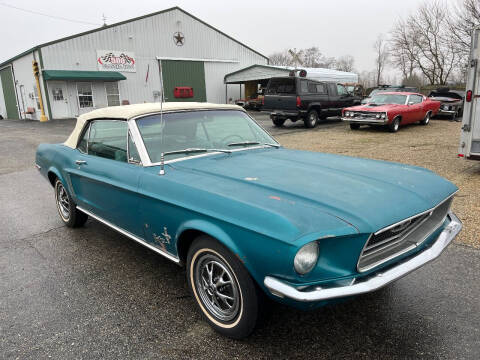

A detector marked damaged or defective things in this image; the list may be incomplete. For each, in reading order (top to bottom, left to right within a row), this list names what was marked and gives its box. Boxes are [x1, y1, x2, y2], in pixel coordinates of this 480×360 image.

cracked asphalt [0, 116, 480, 358]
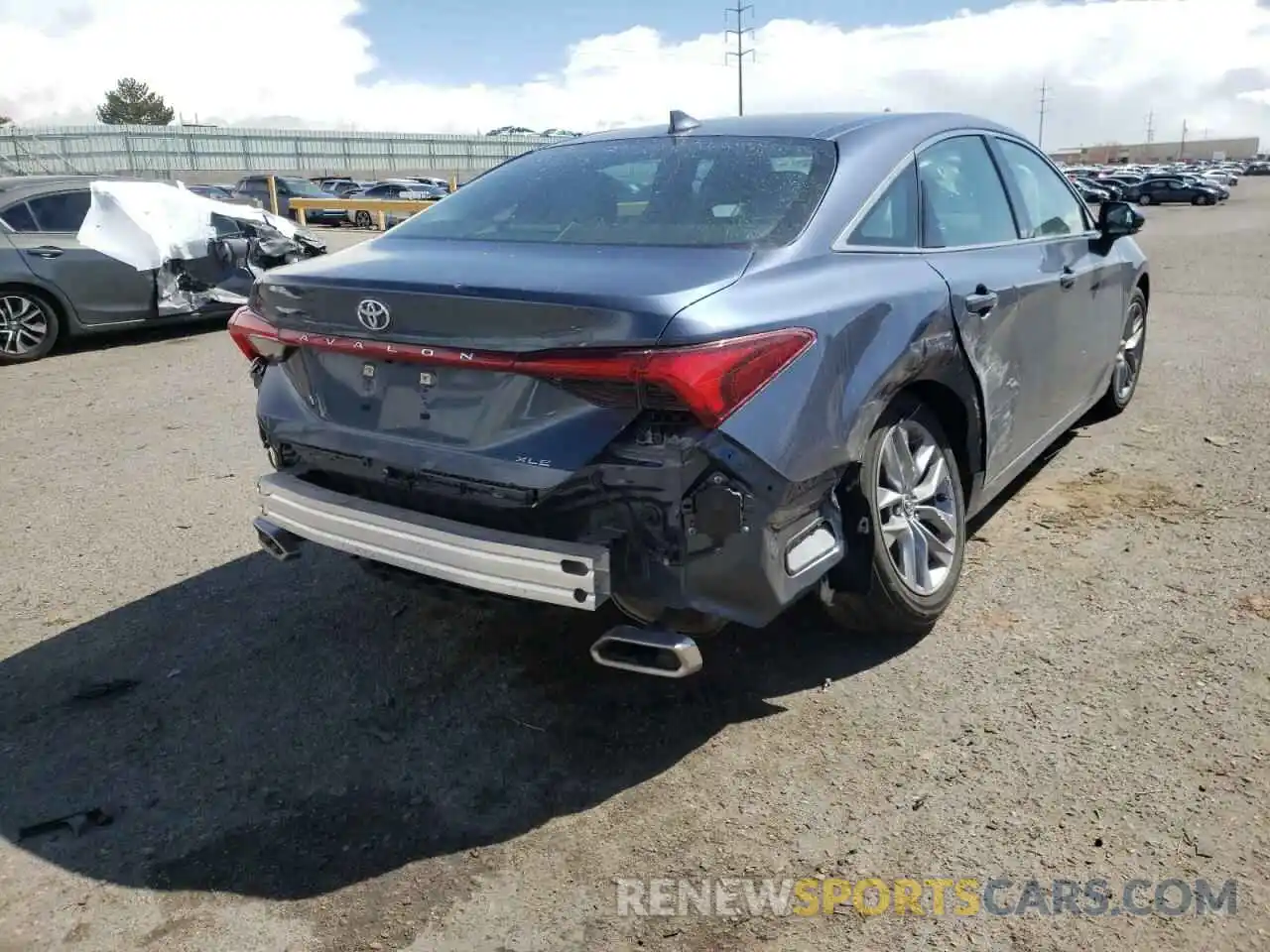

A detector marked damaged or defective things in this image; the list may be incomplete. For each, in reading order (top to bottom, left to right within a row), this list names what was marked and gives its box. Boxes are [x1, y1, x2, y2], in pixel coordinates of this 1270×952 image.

damaged gray sedan [0, 176, 324, 365]
white wrecked car [0, 176, 324, 365]
damaged gray sedan [230, 109, 1153, 680]
detached bumper cover [256, 472, 609, 611]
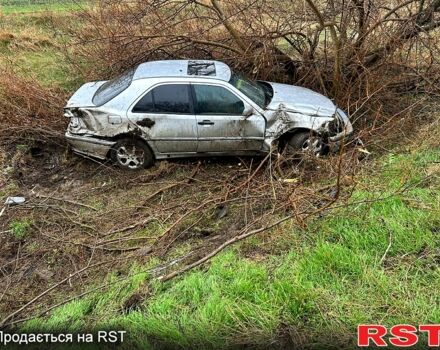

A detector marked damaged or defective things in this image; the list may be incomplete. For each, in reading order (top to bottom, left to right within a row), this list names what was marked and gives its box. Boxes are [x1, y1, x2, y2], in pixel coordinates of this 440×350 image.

crumpled hood [65, 80, 105, 108]
broken windshield [92, 67, 135, 106]
damaged car door [126, 84, 197, 154]
crashed silver sedan [64, 59, 354, 170]
damaged car door [192, 84, 264, 152]
crumpled hood [264, 81, 336, 116]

---

Begin with the line holding "this 440×350 image." and end with the last line of the material. Write out those lines exactly, and only those.

A detector marked damaged or defective things in this image; the list may be incomplete. For each, in reading order (top to bottom, left to right within a row), this list names what was marked and gives its box. Boxes are [x1, y1, x2, y2], in pixel coordinates of this 440×350 image.

crumpled hood [65, 80, 105, 108]
broken windshield [92, 67, 135, 106]
damaged car door [126, 84, 197, 154]
crashed silver sedan [64, 59, 354, 170]
damaged car door [192, 84, 264, 152]
crumpled hood [264, 81, 336, 116]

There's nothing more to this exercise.